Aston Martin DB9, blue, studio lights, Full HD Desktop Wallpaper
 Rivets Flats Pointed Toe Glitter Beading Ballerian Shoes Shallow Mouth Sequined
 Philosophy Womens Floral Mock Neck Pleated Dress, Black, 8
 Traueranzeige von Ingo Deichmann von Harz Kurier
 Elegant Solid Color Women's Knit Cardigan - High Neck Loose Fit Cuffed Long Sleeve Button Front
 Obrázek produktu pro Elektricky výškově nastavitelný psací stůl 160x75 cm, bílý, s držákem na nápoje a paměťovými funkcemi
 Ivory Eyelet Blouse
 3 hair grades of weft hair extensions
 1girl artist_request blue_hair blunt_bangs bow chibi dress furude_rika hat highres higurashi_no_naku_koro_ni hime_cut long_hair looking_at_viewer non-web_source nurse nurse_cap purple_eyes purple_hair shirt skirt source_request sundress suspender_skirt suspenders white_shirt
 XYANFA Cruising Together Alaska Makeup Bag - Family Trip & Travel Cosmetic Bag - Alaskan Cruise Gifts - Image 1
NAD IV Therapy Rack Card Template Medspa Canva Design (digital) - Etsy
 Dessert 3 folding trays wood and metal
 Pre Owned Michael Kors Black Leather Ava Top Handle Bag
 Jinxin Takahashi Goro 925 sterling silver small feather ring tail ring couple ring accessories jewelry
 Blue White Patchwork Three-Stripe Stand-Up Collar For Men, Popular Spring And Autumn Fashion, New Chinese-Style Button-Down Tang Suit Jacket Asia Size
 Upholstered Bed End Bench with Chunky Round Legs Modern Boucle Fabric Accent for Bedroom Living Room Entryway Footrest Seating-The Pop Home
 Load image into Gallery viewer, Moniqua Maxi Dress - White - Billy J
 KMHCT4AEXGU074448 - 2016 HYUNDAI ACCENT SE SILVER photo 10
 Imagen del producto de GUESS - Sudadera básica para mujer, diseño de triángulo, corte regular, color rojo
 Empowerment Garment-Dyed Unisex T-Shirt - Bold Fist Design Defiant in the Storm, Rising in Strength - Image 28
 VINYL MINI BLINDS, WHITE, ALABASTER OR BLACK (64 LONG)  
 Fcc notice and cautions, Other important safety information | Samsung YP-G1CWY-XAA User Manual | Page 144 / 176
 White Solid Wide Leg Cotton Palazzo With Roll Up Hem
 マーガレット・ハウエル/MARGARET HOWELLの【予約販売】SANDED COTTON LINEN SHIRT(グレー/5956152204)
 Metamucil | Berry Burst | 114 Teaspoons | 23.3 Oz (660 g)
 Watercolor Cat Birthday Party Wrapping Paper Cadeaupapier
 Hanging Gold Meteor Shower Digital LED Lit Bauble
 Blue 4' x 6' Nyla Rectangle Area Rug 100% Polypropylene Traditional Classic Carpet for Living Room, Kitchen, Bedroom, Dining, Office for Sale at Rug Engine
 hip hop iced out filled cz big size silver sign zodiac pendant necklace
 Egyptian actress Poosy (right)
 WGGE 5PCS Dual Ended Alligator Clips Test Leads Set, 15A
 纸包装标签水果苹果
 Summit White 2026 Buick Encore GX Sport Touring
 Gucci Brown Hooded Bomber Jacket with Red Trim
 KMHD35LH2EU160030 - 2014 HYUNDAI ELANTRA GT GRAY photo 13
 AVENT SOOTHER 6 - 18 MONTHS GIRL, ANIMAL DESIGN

════

### Aim of the task
Your answer must be the lines from the one holding "Hanging Gold Meteor" to the end of the listing above, exactly as written and nothing else.

### Finished task
 Hanging Gold Meteor Shower Digital LED Lit Bauble
 Blue 4' x 6' Nyla Rectangle Area Rug 100% Polypropylene Traditional Classic Carpet for Living Room, Kitchen, Bedroom, Dining, Office for Sale at Rug Engine
 hip hop iced out filled cz big size silver sign zodiac pendant necklace
 Egyptian actress Poosy (right)
 WGGE 5PCS Dual Ended Alligator Clips Test Leads Set, 15A
 纸包装标签水果苹果
 Summit White 2026 Buick Encore GX Sport Touring
 Gucci Brown Hooded Bomber Jacket with Red Trim
 KMHD35LH2EU160030 - 2014 HYUNDAI ELANTRA GT GRAY photo 13
 AVENT SOOTHER 6 - 18 MONTHS GIRL, ANIMAL DESIGN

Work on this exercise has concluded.